If you've already visited the Venice Superblog, you probably know too much. No intention to describe the Venice Biennial here, just to post some nice things I saw along the way, like this photo as a representation of Los Angeles, in the Arsenale.
As has been written all over the place, this was not the most fascinating exhibition, as the main part consisted of facts prettily illustrated to look a bit like contemporary art, a bit like science,
a bit like wacky corporate info and a whole lot like Koolhaas' WIRED issue of a couple years ago. I'm more interested in proposals than facts so I'll concentrate more on the pavilions that didn't take the main theme too seriously.
First off the ultra fabulous and supremely weird Japanese pavilion which featured
the work
and inspirations of architect Terunobu Fujimori. Not only is his work , umm,
particular, but what can I say about carving an architectural model AND it's base
out of a single tree trunk? The only place I'd seen his work in the past was of course Casa Vogue...
The Austrian Pavilion featured an exhibitit called Rock over Barock (!) and featured 2 Hans Hollein and one Frederic Kiesler project from the 60's and some contemporary works inspired by these. Holleins' Superbuilding is propably the single most inspiring image in the biennale...
The Korean Pavilion featured a show on Housing: how it gets chosen, built, placed in the city etc. Apparently housing gets built by catalogues; you draw the building, a pamphlet gets published, people choose and buy from the catalogue and from 1-1 mock ups, and the thing gets built if it sells well enough.
Also apparently they are running out of "last homes" or graves,
and they have to invent new techniques
to properly bury their own.
The French pavilion featured Daniel Buren's fantastic striped cylinders on the facade, something I seem to have subconciously reffered to in the Cloud House, though I'd never actually seen them.
Inside the pavilion had been turned into a squat with 20 young architects DJs artists bla bla living and rotating for the duration of the biennale.
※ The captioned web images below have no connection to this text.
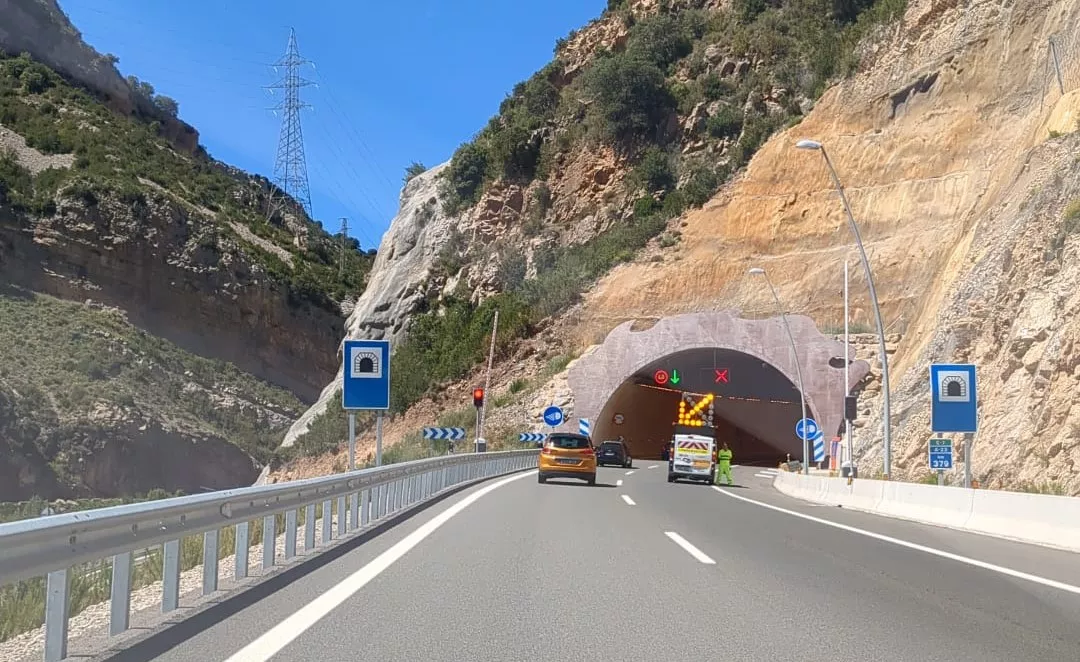 Túnel donde se ha quemado el coche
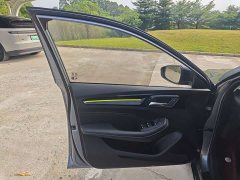SAIC MG i5 2021 1.5L CVT Star Shine Edition - ფოტო 11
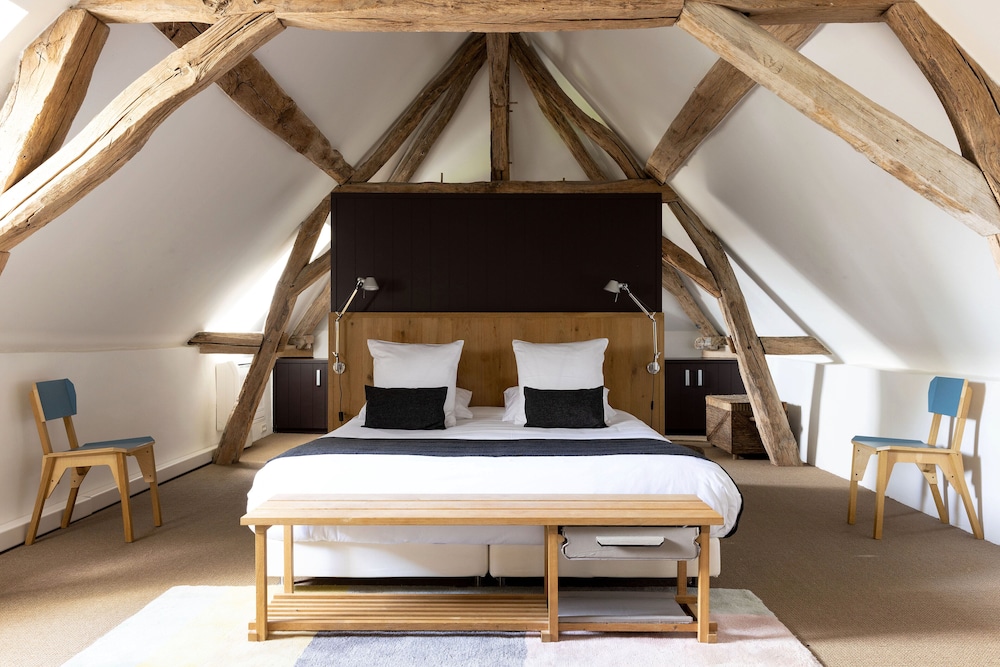 Château De La Resle - membre Design Hotels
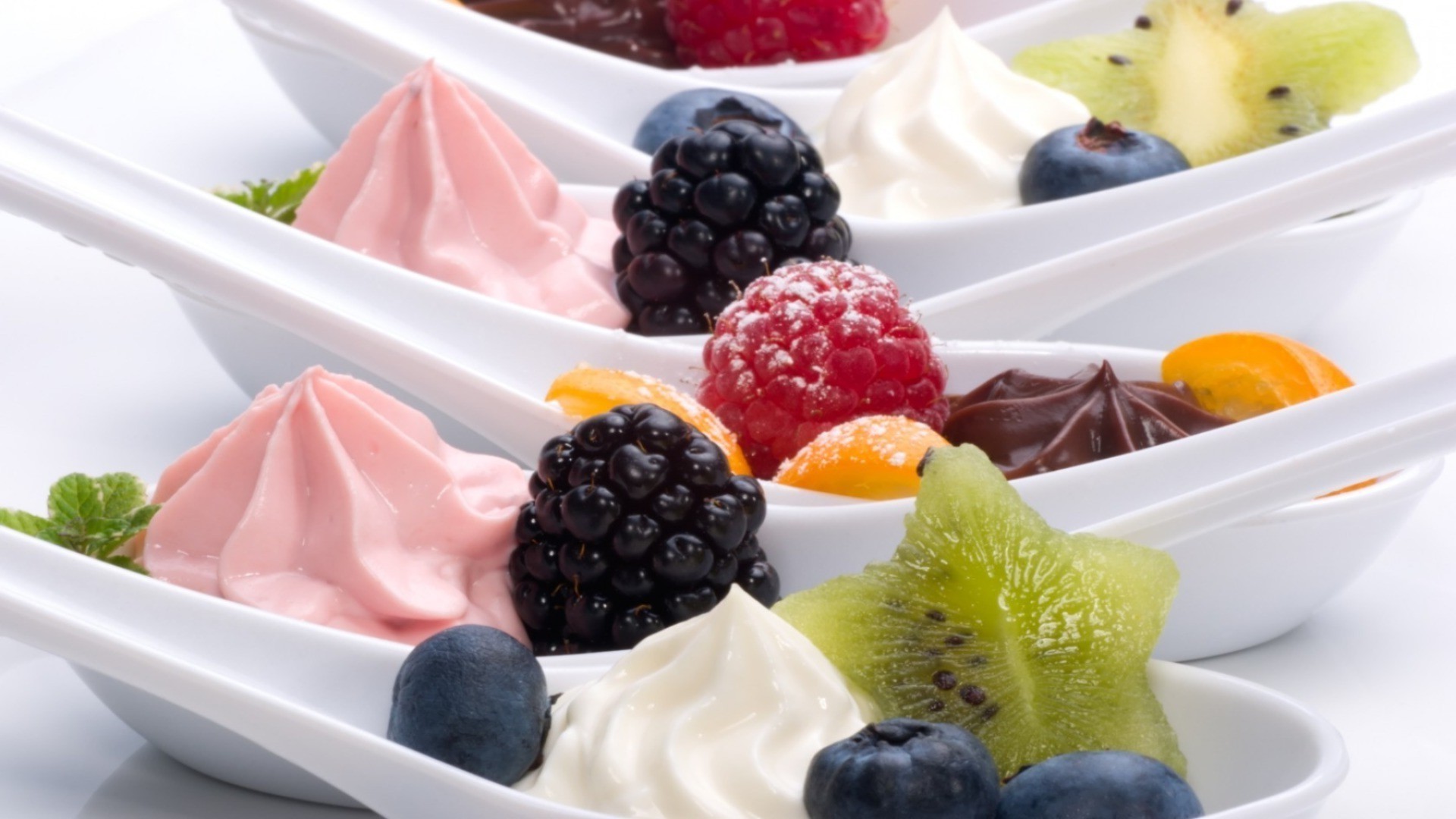 postres fruta dulce baya salud desayuno arándanos delicioso comida fresa tazón de fuente alimentos crema moras yogur leche productos lácteos azúcar frambuesa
The idea is great and fresh etc but I found the scaffolding thing kind of ugly and borng and even passe, if I may say so. Other things to check out are the Cypriot participation which featured projects about the "green line",
and I particularly liked this inhabitable frame that could be transfered and transformed into many differered buildings. The idea is not new
but the result was super interesting. The Dutch pavilion featured a historical exhibition of utopian projects for cities,
like Constants' bridges etc. Not a challenging or attention grabbing show but definetly full of great encyclopedic content,
and the set-up was hip as usual.
Finally the Americal pavilion focused on the destruction from Hurricane Katrina, and projects
that propose solutions for the flood striken area.